|Tool Works, Inc is closing their auto parts plant in Mazon, IL and moving to Mexico. Triumph Group, Inc in Spokane, WA is too as well as other companies.|
April 3, 2017
After Donald Trump’s election, the flow of manufacturers setting up shop south of the border dwindled to a trickle. Ford Motor Co. and Carrier Corp., caught in Trump’s Twitter crosshairs, scrapped plans to move jobs to Mexico in two very public examples of the slowdown.
But now the pace is picking back up. Tool Works Inc. will close an auto-parts plant in Mazon, Ilinois, this month and head to Ciudad Juarez. Triumph Group Inc. is reducing the Spokane, Washington, workforce that makes fiber-composite parts for Boeing Co. aircraft and moving production to Zacatecas and Baja California. TE Connectivity Ltd. is shuttering a pressure-sensor plant in Pennsauken, New Jersey, in favor of a facility in Hermosillo.
While Trump hasn’t stopped pounding his America First bully pulpit, and the future of Nafta remains uncertain, “there’s cautious optimism and a hopeful attitude that cooler heads will prevail in Washington,” said Ross Baldwin, chief executive officer of Tacna Services Inc., which facilitates relocations.
Baldwin has seen the evidence: After business ground to a halt back in November, he’s now juggling two Mexico-bound clients. San Diego-based Tacna helps manage 4,500 workers in Mexico, where factory wages are about a fifth of those in the U.S. That may explain why Mexican manufacturing jobs rose 3.2 percent in January from a year ago as they dropped 0.3 percent in the U.S.
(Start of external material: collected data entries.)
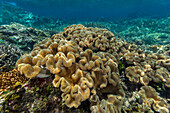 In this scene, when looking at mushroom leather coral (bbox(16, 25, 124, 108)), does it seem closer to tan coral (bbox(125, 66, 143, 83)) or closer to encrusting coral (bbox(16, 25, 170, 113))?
encrusting coral (bbox(16, 25, 170, 113))

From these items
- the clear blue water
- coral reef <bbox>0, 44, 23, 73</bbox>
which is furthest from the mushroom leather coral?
the clear blue water

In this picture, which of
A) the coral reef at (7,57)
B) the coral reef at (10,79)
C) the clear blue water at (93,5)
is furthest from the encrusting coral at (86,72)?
the clear blue water at (93,5)

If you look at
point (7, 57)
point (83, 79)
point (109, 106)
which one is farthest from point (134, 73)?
point (7, 57)

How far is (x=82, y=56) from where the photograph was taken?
2.59 m

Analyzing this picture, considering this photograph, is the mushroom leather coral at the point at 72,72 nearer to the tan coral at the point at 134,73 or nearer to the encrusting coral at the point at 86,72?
the encrusting coral at the point at 86,72

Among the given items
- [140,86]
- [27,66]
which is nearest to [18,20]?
[27,66]

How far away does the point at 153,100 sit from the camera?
2.59 meters

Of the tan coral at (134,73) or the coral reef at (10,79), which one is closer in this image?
the coral reef at (10,79)

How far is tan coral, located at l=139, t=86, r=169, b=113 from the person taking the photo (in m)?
2.40

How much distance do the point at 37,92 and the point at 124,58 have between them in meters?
3.60

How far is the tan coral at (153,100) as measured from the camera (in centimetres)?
240

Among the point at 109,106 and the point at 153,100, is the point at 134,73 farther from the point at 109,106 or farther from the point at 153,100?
the point at 109,106

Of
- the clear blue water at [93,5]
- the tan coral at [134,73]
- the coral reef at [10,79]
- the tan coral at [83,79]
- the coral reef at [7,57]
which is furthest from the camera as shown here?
the clear blue water at [93,5]

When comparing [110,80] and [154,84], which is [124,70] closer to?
[154,84] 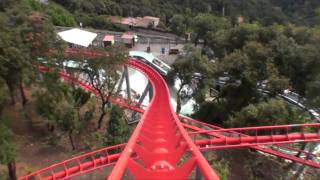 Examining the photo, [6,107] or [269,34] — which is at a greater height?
[269,34]

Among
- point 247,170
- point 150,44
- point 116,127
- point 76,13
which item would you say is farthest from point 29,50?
point 76,13

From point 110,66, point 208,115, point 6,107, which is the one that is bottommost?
point 208,115

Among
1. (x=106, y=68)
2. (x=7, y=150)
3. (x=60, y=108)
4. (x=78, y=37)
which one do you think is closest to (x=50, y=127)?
(x=60, y=108)

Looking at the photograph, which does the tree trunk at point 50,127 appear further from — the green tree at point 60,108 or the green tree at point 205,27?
the green tree at point 205,27

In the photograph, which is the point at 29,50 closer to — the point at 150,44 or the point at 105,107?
the point at 105,107

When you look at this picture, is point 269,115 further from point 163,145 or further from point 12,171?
point 12,171

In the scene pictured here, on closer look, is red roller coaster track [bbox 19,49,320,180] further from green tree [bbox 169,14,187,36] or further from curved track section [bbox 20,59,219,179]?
green tree [bbox 169,14,187,36]

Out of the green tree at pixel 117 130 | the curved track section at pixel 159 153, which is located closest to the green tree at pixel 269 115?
the curved track section at pixel 159 153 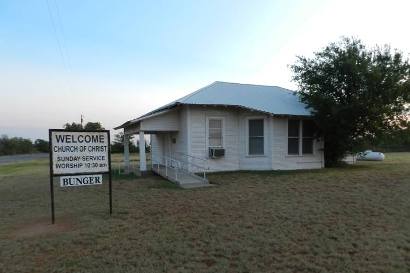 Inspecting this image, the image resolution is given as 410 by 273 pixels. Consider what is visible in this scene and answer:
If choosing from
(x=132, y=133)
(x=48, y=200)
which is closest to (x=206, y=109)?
(x=132, y=133)

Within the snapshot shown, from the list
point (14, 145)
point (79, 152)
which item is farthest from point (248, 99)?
point (14, 145)

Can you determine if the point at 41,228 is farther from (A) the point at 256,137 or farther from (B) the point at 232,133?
(A) the point at 256,137

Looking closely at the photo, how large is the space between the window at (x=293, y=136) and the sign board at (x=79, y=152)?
39.5 feet

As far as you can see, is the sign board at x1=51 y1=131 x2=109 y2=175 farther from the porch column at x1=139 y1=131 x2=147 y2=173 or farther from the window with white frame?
the window with white frame

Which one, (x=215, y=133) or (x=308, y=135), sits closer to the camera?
(x=215, y=133)

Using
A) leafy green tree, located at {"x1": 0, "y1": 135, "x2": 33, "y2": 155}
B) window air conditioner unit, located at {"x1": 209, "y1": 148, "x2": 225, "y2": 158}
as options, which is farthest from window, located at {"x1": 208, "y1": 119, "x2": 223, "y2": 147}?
leafy green tree, located at {"x1": 0, "y1": 135, "x2": 33, "y2": 155}

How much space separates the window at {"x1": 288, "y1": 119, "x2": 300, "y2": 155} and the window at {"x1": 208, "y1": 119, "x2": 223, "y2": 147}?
357 centimetres

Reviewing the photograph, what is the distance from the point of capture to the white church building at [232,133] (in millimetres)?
17969

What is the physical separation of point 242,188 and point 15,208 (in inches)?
274

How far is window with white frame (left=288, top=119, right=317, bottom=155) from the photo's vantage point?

The renewed exodus shows how difficult it will be for Trump to turn the macroeconomic tide just by jawboning alone. This week, he trumpeted a Ford investment in Michigan plants with a cap-lock fanfare: “JOBS! JOBS! JOBS!” The $1.2 billion will create or retain only 130 positions, though. (While Ford canceled plans in November for a new $1.6 billion facility in Mexico, winning Trump’s praise, it employs more than 7,000 workers in that country.)
Trump’s plans to renegotiate Nafta and talk of punitive tariffs can’t erase the need to manufacture in lower-cost countries, said Alan Russell, CEO of El Paso, Texas-based Tecma Group., which also helps open and operate factories in Mexico. European companies tap the Czech Republic for low wages and Asia has Vietnam, and the U.S. needs Mexico to remain competitive with labor-intensive products, he said.